Output the entries verbatim, including every line.
=== PROVIDED RECORDS ===
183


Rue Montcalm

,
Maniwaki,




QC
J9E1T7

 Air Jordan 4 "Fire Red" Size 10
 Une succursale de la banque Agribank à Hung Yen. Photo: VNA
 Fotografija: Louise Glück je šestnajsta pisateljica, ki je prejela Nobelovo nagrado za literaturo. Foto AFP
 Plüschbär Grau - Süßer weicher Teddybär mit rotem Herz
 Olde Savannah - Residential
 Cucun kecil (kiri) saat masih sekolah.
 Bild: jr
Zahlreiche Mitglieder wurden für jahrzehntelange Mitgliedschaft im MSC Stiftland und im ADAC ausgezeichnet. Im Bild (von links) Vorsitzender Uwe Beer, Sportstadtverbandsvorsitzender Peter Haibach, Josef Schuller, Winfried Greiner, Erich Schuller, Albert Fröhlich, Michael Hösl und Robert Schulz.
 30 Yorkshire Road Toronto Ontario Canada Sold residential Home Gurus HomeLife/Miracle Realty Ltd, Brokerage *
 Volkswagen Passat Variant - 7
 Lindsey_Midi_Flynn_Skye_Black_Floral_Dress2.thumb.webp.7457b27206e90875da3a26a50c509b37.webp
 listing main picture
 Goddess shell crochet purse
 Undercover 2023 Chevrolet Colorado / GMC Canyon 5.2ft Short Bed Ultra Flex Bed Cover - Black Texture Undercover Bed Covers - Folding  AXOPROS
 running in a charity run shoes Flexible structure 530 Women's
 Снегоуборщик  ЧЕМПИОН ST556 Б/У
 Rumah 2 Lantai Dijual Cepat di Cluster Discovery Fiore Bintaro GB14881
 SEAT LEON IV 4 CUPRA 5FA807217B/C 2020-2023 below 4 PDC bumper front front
===
_ANSWER TO THE PROBLEM_:
183


Rue Montcalm

,
Maniwaki,




QC
J9E1T7

 Air Jordan 4 "Fire Red" Size 10
 Une succursale de la banque Agribank à Hung Yen. Photo: VNA
 Fotografija: Louise Glück je šestnajsta pisateljica, ki je prejela Nobelovo nagrado za literaturo. Foto AFP
 Plüschbär Grau - Süßer weicher Teddybär mit rotem Herz
 Olde Savannah - Residential
 Cucun kecil (kiri) saat masih sekolah.
 Bild: jr
Zahlreiche Mitglieder wurden für jahrzehntelange Mitgliedschaft im MSC Stiftland und im ADAC ausgezeichnet. Im Bild (von links) Vorsitzender Uwe Beer, Sportstadtverbandsvorsitzender Peter Haibach, Josef Schuller, Winfried Greiner, Erich Schuller, Albert Fröhlich, Michael Hösl und Robert Schulz.
 30 Yorkshire Road Toronto Ontario Canada Sold residential Home Gurus HomeLife/Miracle Realty Ltd, Brokerage *
 Volkswagen Passat Variant - 7
 Lindsey_Midi_Flynn_Skye_Black_Floral_Dress2.thumb.webp.7457b27206e90875da3a26a50c509b37.webp
 listing main picture
 Goddess shell crochet purse
 Undercover 2023 Chevrolet Colorado / GMC Canyon 5.2ft Short Bed Ultra Flex Bed Cover - Black Texture Undercover Bed Covers - Folding  AXOPROS
 running in a charity run shoes Flexible structure 530 Women's
 Снегоуборщик  ЧЕМПИОН ST556 Б/У
 Rumah 2 Lantai Dijual Cepat di Cluster Discovery Fiore Bintaro GB14881
 SEAT LEON IV 4 CUPRA 5FA807217B/C 2020-2023 below 4 PDC bumper front front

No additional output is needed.